Die Slyway-Studie ist ein solides Stück empirisch-wissens-schöpfender Arbeit, die sich konstruktiv auswerten, kritisieren und erweitern lässt, wozu mir gerade die Zeit fehlt, weil die Mittagspause nur für Günthers "Studie" reicht
. Aber versteh ich das richtig, dass die Daten alle auf einem einzigen (nicht-zufälligen) Probanden basieren?
@Günther Rakete - ich gratuliere dir zu deinem ersten Beitrag, der keine persönlichen Attacken reitet, sondern Inhalte beizusteuern versucht. Und so will ich mir auch die Mühe machen, mich mit deinen Aussagen auseinanderzusetzen. Korrigiere mich, wenn meine Quintessenzen aus deinen Texten ne völlige Fehlinterpretation sind, aber neben der (unspektakulären) These des spezifischen Trainings lese ich bei dir insgesamt 5 neue, durchaus gewagte (implizite) Thesen/Grundannahmen heraus:
(1)
Alles schon bekannt:
Du führst ältere Diskussionsrunden als Beleg für eine hinreichende Klärung dieser Fragen an und negierst, dass es darüber hinaus überhaupt noch neue Erkenntnisse geben kann. Wie
@smö schon ausführte, zeigt das aber eher dein persönliches Desinteresse an so einem Diskurs auf.
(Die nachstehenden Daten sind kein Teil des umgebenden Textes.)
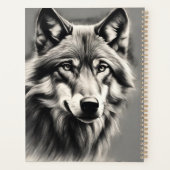 Croquis Wolf (Dos)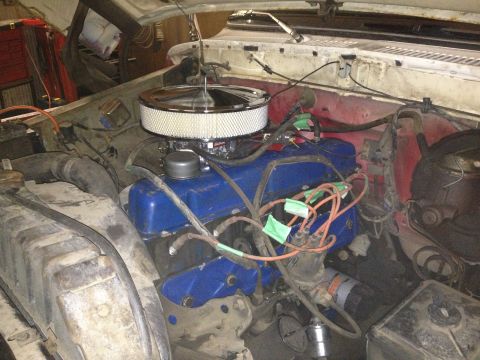 1979 Ford Bronco photo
Du scheinst für dich schon alles zu wissen, was du für deine Lebenswelt und das allgemeine Liegeradthema für relevant hältst... die simpelste Gegenthese dazu ist: dass es anderen nicht so geht, sie fast nirgendwo fundiertes Wissen sehen, sondern nur Einzelfall-Meinungen (v.a. die eigenen) und Mythen.
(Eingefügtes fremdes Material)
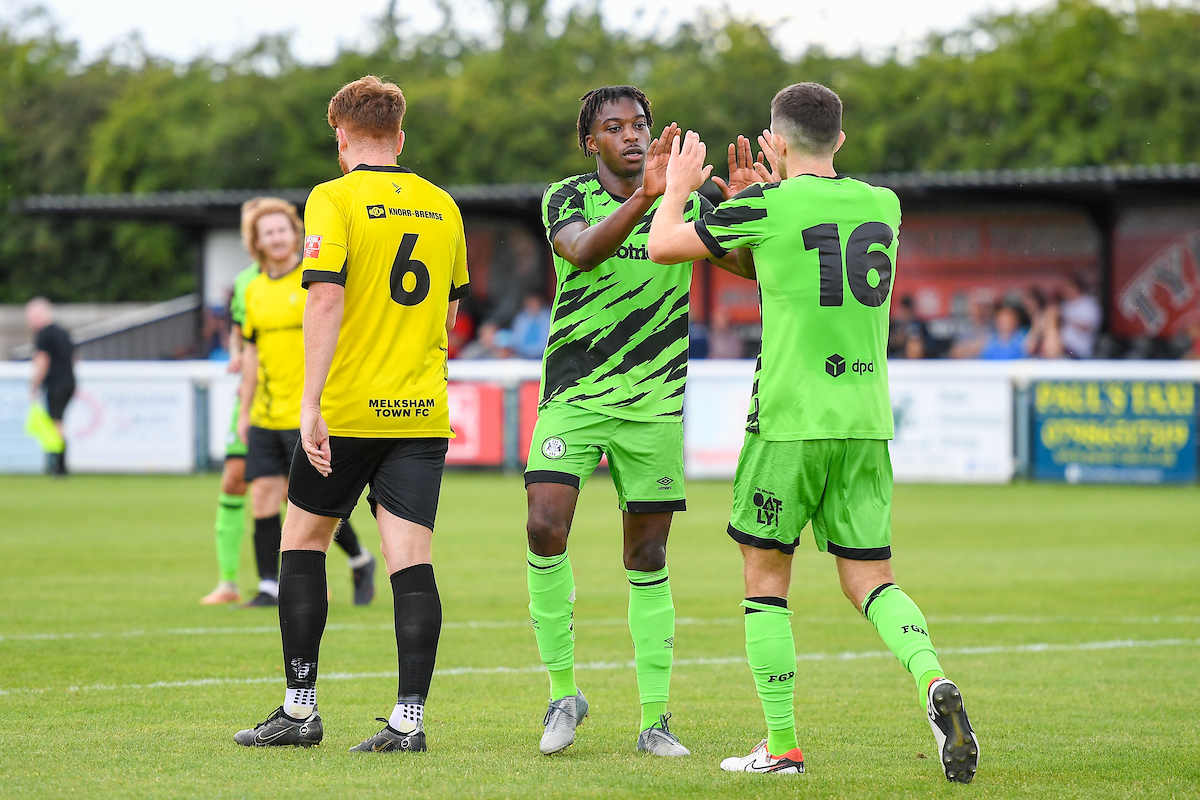 Tickets | AFC Totton (A)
Darf ich im Übrigen bemerken, dass der Link in dem Thread schon 2x gesetzt wurde (#109 und #124) und das dein Auszug vom geschätzten Andreas Seilinger exakt meinen Ausgangspunkt bestätigt, dass entgegen der Inner-Milieu-Heldengeschichten die Kletterfreude zwischen Lieger und Up in seiner "Laden-Stichprobe" genau die Indizien liefern, die hier zum erneuten Aufkeimen dieses Themas führten?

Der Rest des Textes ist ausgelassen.